* **PROBLEM DETAILS**: The reply should hold nothing except the lines from the one with "Un intérieur blanc" through the end of the entries, duplicated exactly and with no pictures.

>>

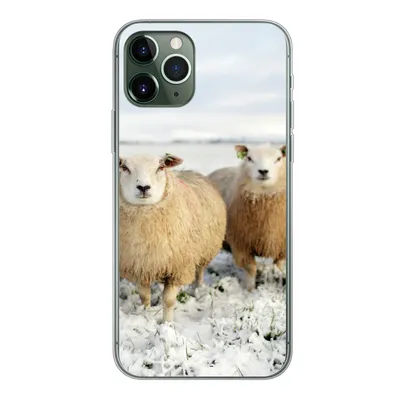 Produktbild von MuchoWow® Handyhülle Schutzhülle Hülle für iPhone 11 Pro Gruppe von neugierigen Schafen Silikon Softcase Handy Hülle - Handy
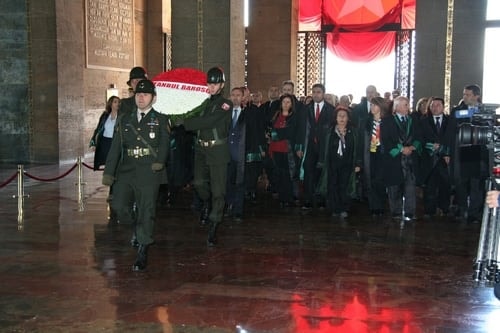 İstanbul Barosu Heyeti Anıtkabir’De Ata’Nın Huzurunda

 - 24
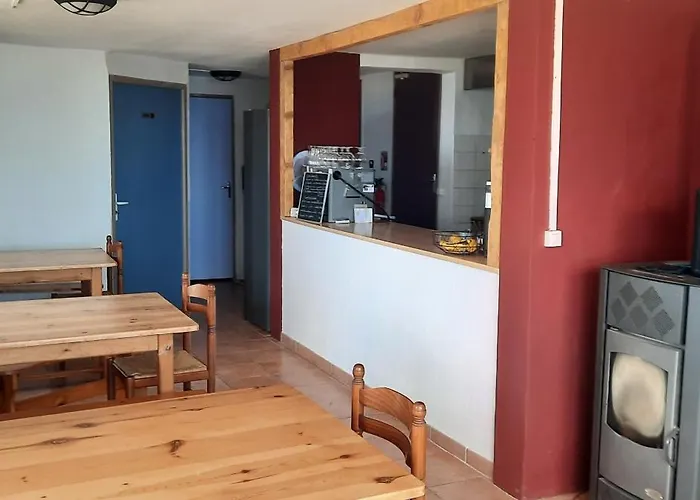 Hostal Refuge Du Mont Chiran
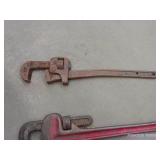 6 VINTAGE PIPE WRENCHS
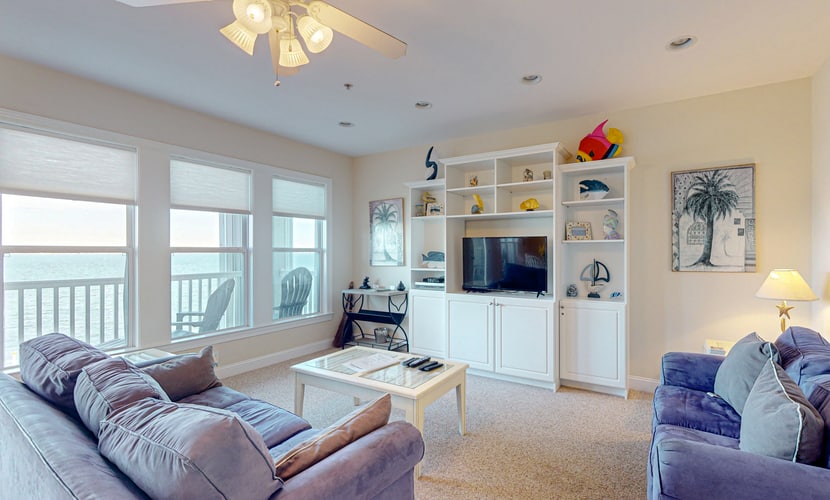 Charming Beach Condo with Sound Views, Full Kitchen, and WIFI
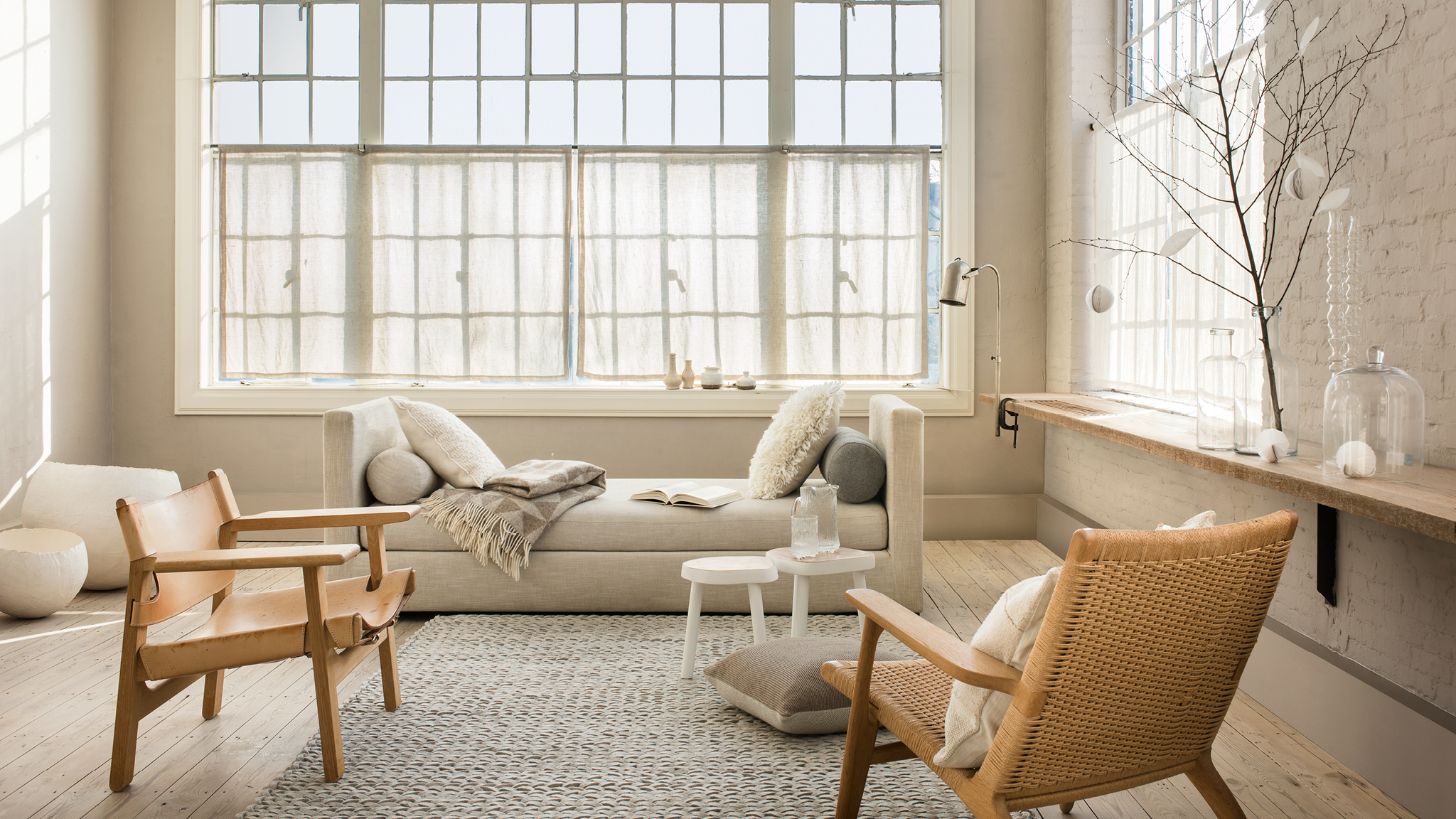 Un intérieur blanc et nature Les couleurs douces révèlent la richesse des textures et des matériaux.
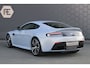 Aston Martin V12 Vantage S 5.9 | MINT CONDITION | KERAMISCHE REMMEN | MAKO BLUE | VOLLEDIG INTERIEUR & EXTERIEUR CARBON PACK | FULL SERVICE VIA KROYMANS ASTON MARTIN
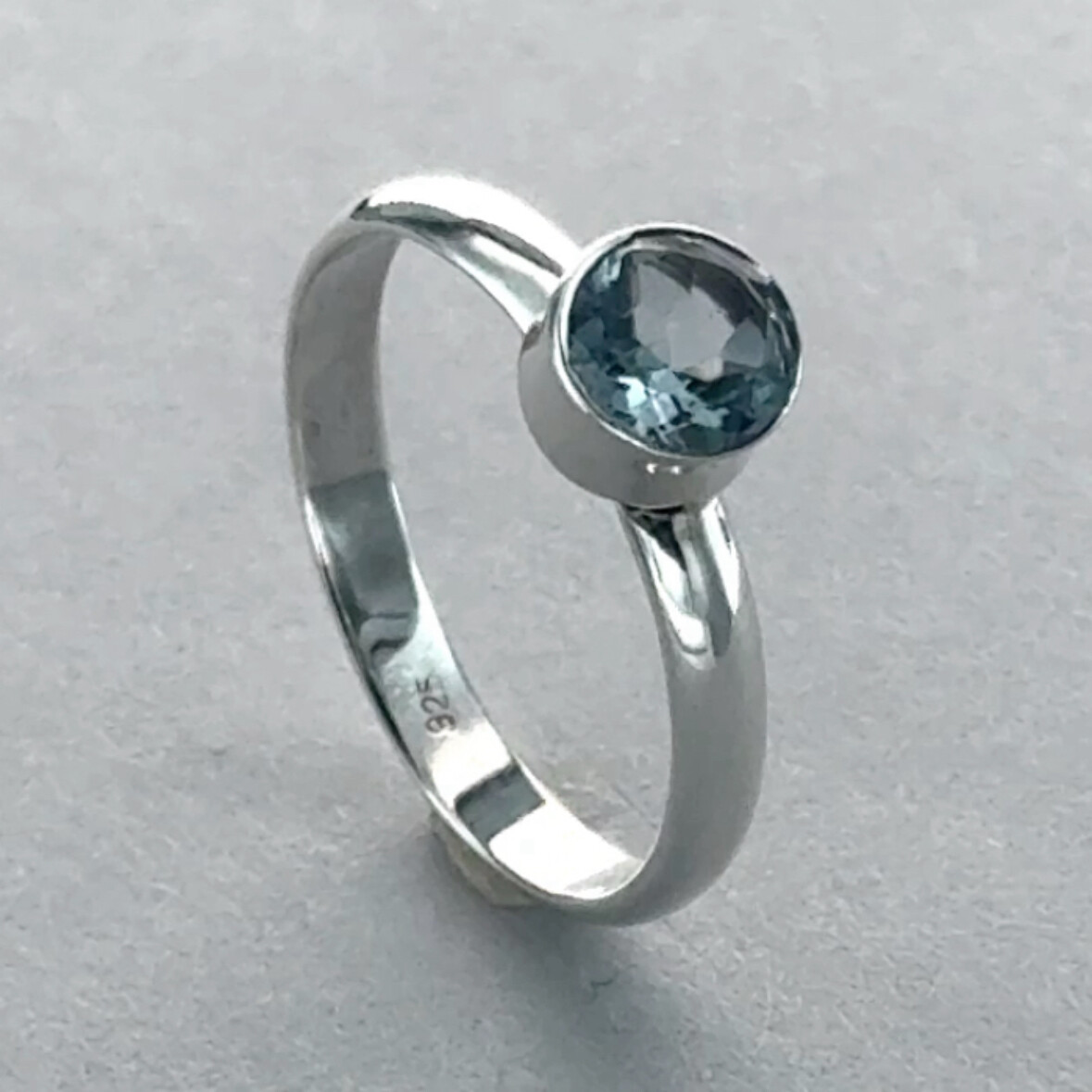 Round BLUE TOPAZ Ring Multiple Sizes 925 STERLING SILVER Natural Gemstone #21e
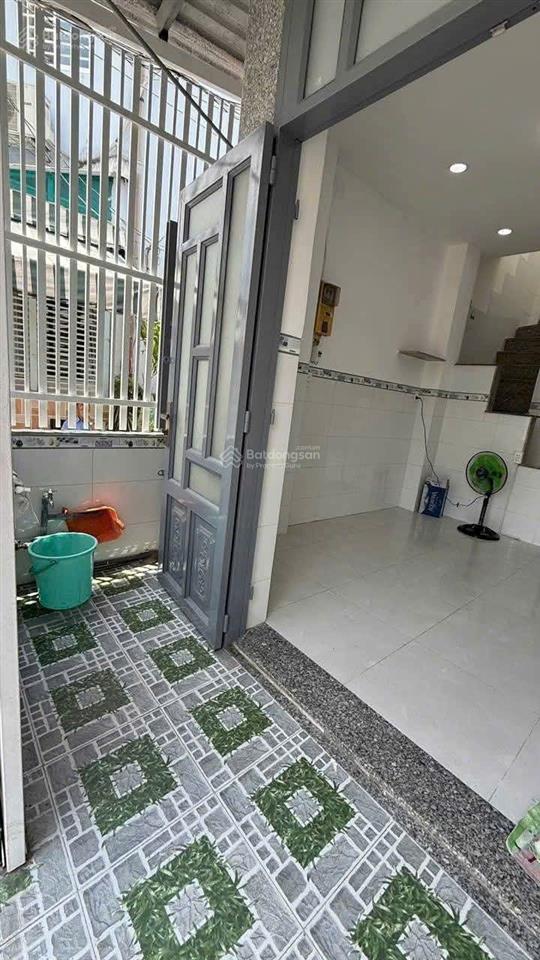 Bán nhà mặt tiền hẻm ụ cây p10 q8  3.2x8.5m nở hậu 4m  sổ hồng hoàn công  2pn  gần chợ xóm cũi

<<

* **PROBLEM SOLUTION**:
 Un intérieur blanc et nature Les couleurs douces révèlent la richesse des textures et des matériaux.
 Aston Martin V12 Vantage S 5.9 | MINT CONDITION | KERAMISCHE REMMEN | MAKO BLUE | VOLLEDIG INTERIEUR & EXTERIEUR CARBON PACK | FULL SERVICE VIA KROYMANS ASTON MARTIN
 Round BLUE TOPAZ Ring Multiple Sizes 925 STERLING SILVER Natural Gemstone #21e
 Bán nhà mặt tiền hẻm ụ cây p10 q8  3.2x8.5m nở hậu 4m  sổ hồng hoàn công  2pn  gần chợ xóm cũi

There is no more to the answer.